Betreffend ob ich mich in irgendeiner Form verantwortlich fühle – und nochmal: ich habe viel darüber nachgedacht –, muss ich sagen, dass ich das sehr stark ablehne, wenn sich jemand freiwillig Texte von mir oder irgendetwas tätowieren lässt. Es ist ein freiwilliger Akt von jemandem, den ich nicht kenne, ich schulde dieser Person danach nichts. Ich habe immer versucht, in meinen Leben offen und ehrlich zu sein, und wenn ich damit aufhören würde, nur weil ich Angst davor hätte, jemanden zu verärgern, dann hätte ich es bereits getan, das wäre wie eine selbsterfüllende Prophezeiung.

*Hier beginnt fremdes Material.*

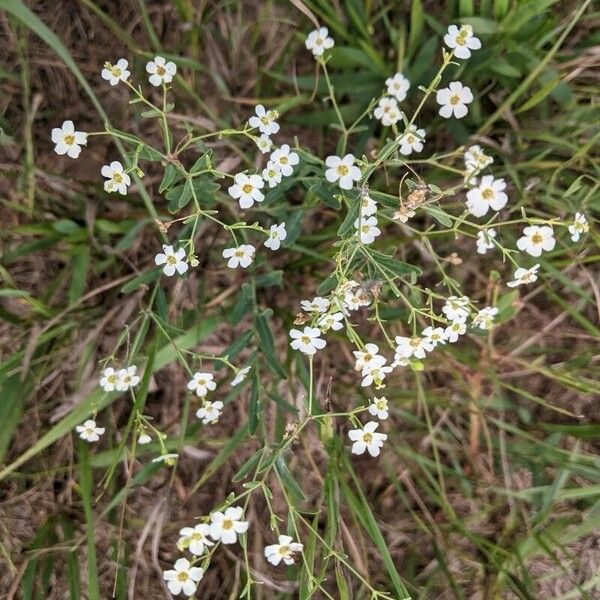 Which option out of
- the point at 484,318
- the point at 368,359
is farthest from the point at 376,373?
the point at 484,318

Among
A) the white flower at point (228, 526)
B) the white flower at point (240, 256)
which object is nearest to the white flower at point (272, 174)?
the white flower at point (240, 256)

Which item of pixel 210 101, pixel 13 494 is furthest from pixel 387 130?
pixel 13 494

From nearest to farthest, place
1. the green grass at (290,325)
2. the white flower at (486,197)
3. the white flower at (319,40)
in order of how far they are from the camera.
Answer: the white flower at (486,197)
the white flower at (319,40)
the green grass at (290,325)

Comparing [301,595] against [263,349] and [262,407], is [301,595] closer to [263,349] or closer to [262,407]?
[262,407]

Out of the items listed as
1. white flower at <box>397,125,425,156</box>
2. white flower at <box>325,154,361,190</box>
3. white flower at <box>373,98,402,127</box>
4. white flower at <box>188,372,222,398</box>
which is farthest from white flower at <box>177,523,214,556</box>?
white flower at <box>373,98,402,127</box>

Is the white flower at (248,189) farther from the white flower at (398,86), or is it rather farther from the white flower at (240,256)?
the white flower at (398,86)

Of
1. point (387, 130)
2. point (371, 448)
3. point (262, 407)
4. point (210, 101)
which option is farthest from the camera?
point (210, 101) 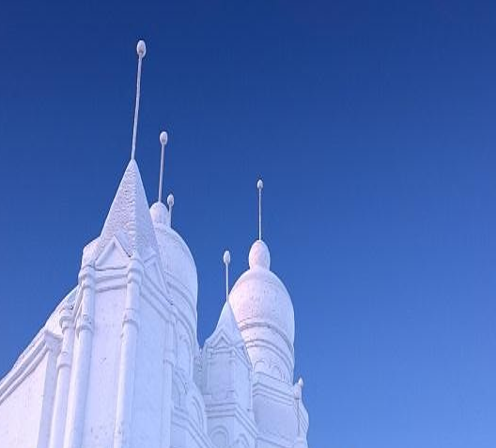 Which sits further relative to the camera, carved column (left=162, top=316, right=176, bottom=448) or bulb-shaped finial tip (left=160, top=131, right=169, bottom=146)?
bulb-shaped finial tip (left=160, top=131, right=169, bottom=146)

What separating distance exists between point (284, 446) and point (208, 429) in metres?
5.00

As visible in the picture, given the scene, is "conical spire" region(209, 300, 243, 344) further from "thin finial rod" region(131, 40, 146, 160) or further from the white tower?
"thin finial rod" region(131, 40, 146, 160)

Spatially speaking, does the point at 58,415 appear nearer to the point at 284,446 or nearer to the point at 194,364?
the point at 194,364

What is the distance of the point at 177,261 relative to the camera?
34781 millimetres

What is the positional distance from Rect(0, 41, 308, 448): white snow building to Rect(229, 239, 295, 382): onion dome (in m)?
6.69

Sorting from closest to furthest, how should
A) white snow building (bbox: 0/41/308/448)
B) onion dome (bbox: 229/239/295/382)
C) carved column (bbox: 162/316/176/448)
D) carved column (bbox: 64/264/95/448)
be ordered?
carved column (bbox: 64/264/95/448)
white snow building (bbox: 0/41/308/448)
carved column (bbox: 162/316/176/448)
onion dome (bbox: 229/239/295/382)

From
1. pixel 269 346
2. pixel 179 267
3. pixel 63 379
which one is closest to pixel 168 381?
pixel 63 379

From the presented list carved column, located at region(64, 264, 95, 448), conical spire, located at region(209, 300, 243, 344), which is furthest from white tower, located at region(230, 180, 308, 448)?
carved column, located at region(64, 264, 95, 448)

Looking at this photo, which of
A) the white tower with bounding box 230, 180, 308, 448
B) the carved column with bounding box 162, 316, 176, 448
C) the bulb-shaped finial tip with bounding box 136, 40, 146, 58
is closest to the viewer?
the carved column with bounding box 162, 316, 176, 448

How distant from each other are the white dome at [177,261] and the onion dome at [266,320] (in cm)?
742

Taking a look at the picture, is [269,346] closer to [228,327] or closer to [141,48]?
[228,327]

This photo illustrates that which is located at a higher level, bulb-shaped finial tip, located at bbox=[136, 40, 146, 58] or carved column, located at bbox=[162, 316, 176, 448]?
bulb-shaped finial tip, located at bbox=[136, 40, 146, 58]

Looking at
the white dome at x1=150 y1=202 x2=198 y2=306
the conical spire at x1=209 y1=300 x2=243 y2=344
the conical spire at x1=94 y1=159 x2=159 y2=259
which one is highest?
the white dome at x1=150 y1=202 x2=198 y2=306

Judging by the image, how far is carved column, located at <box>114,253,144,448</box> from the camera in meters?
22.1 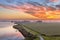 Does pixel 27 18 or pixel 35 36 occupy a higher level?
pixel 27 18

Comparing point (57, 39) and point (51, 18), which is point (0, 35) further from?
point (57, 39)

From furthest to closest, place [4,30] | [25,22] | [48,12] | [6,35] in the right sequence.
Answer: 1. [4,30]
2. [6,35]
3. [48,12]
4. [25,22]

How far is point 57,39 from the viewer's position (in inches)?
93.0

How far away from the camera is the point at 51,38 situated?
2352 millimetres

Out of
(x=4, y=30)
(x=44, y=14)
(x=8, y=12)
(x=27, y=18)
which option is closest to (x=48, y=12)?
(x=44, y=14)

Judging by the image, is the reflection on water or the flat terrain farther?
the reflection on water

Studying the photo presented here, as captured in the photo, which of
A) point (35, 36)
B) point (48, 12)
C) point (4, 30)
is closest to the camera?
point (35, 36)

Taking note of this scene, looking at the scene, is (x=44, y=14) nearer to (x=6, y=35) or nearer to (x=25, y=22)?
(x=25, y=22)

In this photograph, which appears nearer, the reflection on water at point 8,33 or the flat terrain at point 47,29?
the flat terrain at point 47,29

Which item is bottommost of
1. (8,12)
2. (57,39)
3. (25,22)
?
(57,39)

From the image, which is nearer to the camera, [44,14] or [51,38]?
[51,38]

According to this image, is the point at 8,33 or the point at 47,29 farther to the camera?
the point at 8,33

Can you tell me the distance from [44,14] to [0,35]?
1.58m

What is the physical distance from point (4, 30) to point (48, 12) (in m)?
1.71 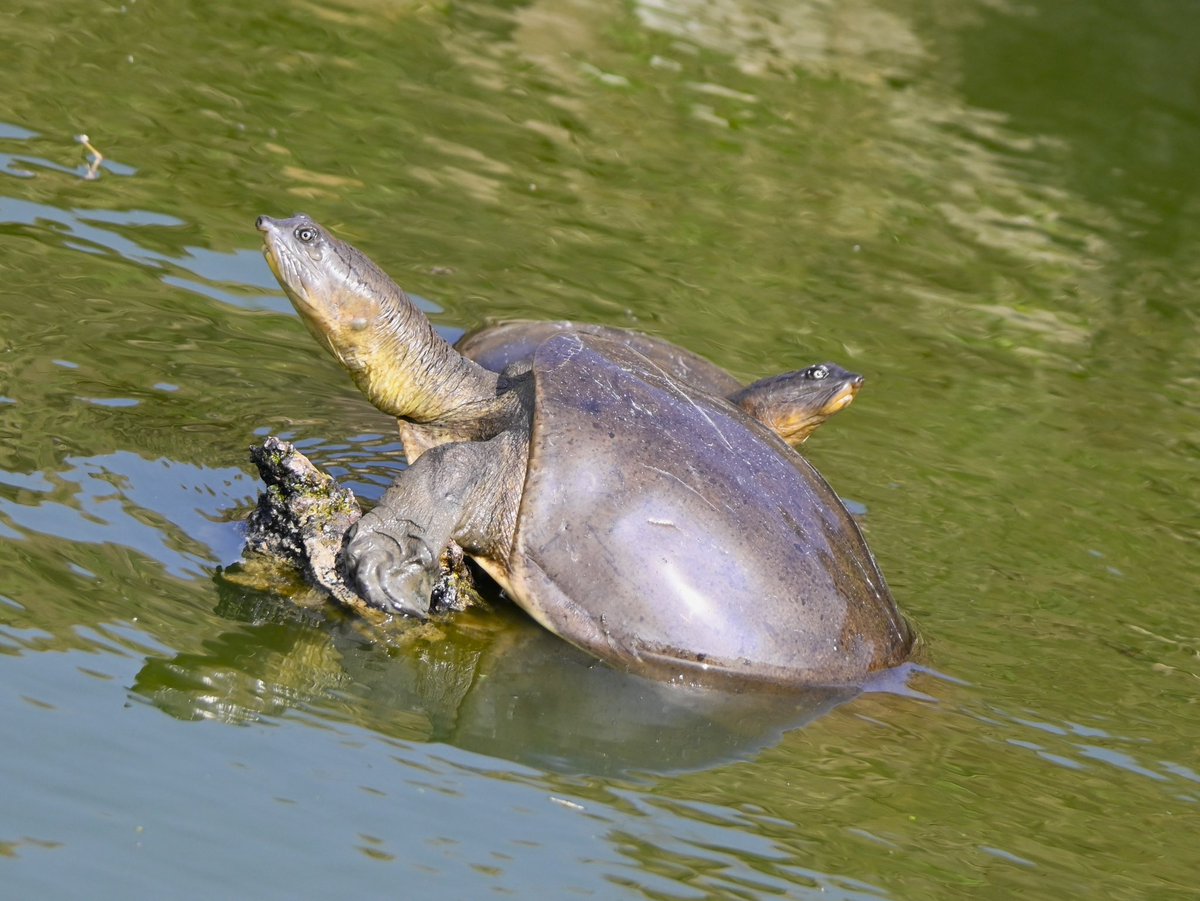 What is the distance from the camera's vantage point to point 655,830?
3.83m

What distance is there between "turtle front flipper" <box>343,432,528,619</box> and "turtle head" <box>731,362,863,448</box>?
4.46 ft

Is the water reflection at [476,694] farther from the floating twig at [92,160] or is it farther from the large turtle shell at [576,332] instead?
the floating twig at [92,160]

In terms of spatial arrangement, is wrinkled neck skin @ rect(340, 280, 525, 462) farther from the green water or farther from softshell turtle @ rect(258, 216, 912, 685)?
the green water

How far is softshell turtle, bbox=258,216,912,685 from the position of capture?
15.5 ft

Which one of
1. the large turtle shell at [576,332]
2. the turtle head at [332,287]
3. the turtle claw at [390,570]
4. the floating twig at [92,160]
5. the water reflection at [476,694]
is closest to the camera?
the water reflection at [476,694]

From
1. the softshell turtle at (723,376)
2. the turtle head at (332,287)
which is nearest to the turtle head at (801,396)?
the softshell turtle at (723,376)

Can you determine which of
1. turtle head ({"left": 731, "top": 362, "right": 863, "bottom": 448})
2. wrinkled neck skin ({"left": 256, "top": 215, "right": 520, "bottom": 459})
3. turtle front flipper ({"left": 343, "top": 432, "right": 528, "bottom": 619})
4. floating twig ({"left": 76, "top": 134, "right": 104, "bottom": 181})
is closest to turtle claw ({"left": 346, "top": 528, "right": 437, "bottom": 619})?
turtle front flipper ({"left": 343, "top": 432, "right": 528, "bottom": 619})

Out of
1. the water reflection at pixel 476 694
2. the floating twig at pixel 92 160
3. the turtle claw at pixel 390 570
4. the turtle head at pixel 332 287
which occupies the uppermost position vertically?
the turtle head at pixel 332 287

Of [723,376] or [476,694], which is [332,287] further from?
[723,376]

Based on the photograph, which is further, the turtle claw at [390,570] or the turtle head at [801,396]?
the turtle head at [801,396]

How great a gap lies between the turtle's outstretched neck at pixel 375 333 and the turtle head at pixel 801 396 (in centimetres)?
111

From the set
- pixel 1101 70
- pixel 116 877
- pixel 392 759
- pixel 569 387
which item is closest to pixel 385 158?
pixel 569 387

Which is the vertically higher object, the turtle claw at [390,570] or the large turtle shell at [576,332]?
the large turtle shell at [576,332]

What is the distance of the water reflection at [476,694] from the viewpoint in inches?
161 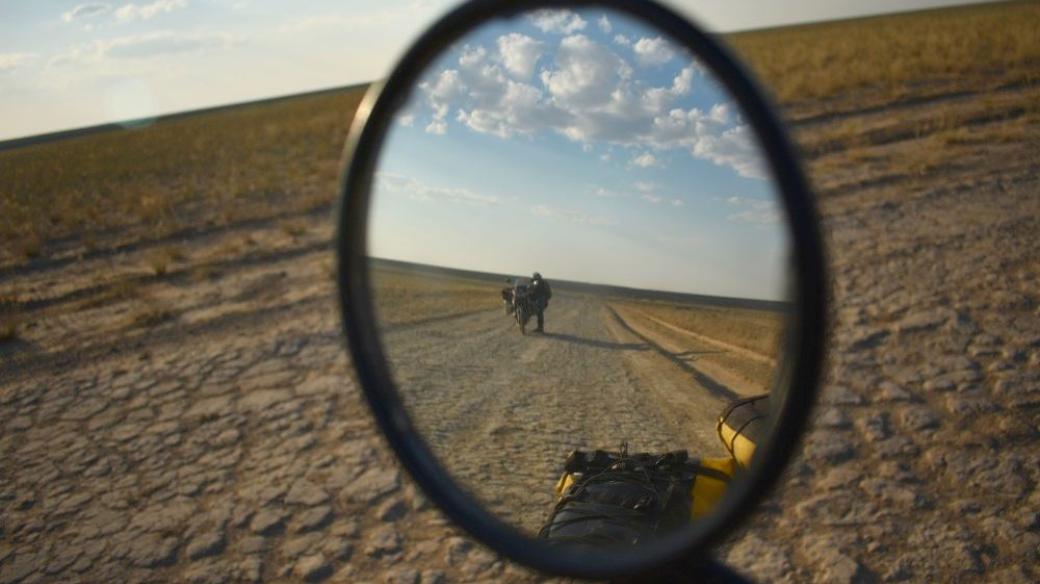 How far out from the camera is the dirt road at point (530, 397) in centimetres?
142

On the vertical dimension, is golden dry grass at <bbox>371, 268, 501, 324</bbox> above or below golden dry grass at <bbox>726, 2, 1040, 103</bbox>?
below

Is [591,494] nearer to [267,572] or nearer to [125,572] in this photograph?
[267,572]

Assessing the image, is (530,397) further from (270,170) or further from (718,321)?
(270,170)

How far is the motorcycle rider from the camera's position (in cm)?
136

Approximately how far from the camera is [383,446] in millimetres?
4039

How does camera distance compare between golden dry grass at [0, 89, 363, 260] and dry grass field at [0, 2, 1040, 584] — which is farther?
golden dry grass at [0, 89, 363, 260]

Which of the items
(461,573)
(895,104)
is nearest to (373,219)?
(461,573)

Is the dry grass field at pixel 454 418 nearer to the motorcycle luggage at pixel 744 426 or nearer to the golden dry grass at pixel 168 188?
the motorcycle luggage at pixel 744 426

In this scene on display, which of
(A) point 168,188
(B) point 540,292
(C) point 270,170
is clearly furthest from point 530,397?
(A) point 168,188

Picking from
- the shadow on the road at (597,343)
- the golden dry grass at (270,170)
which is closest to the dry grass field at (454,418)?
the shadow on the road at (597,343)

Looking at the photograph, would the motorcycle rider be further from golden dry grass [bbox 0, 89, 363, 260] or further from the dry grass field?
golden dry grass [bbox 0, 89, 363, 260]

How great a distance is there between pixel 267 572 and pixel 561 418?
195 cm

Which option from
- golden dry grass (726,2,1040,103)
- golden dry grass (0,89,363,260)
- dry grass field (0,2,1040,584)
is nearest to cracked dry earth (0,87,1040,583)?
dry grass field (0,2,1040,584)

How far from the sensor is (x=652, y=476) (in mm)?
1675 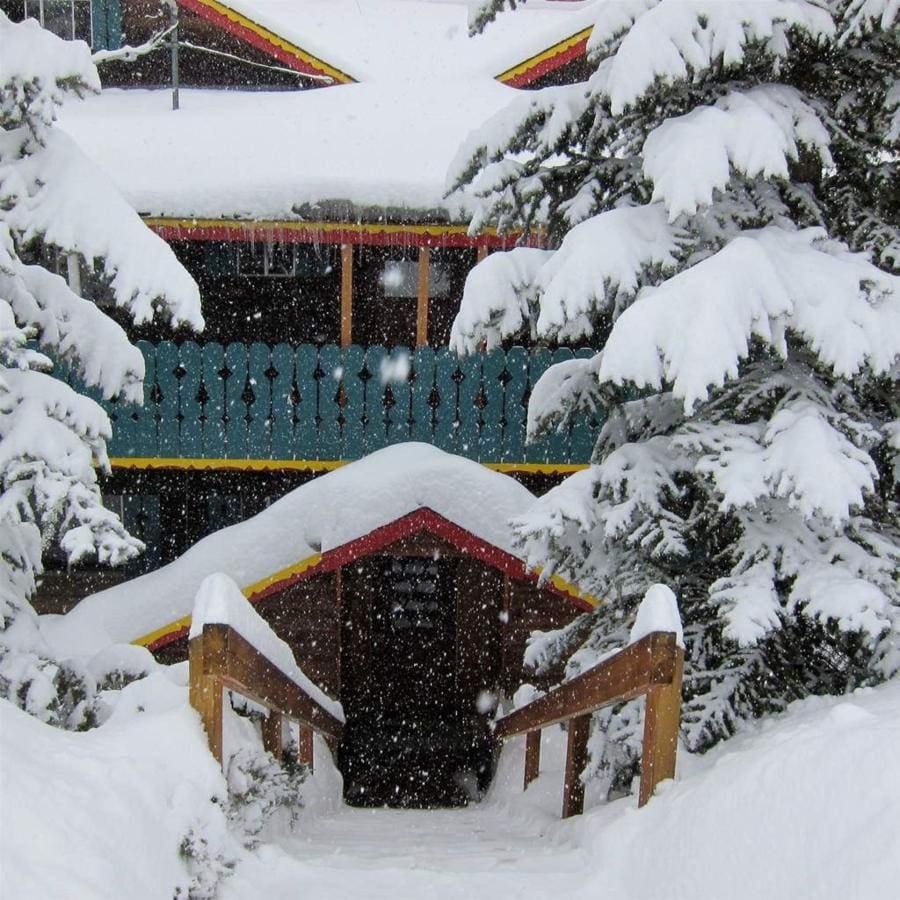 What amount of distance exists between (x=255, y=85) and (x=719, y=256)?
12174mm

Ich werde weiter versuchen, alles nach bestem Wissen zu machen, auch wenn das manche Leute irgendwann verärgert, das passiert meistens… Es ist eine lustige Geschichte, wenn man als Musiker erfolgreicher wird: Als Underground-Musiker kennen deine Band nur die Leute, die dich mögen. Auf einem höheren Level hören aber viele Leute deine Musik und nur einige davon mögen sie auch, man muss als ein deutlich dickeres Fell entwickeln, hab ich festgestellt (lacht). Aber es ist auch einfach viel interessanter so.

Eine letzte Sache noch, die nichts mit deinem neuem Album zu tun hat, aber mit deiner Zweitband „Möngöl Hörde“. Wie ist da der Stand?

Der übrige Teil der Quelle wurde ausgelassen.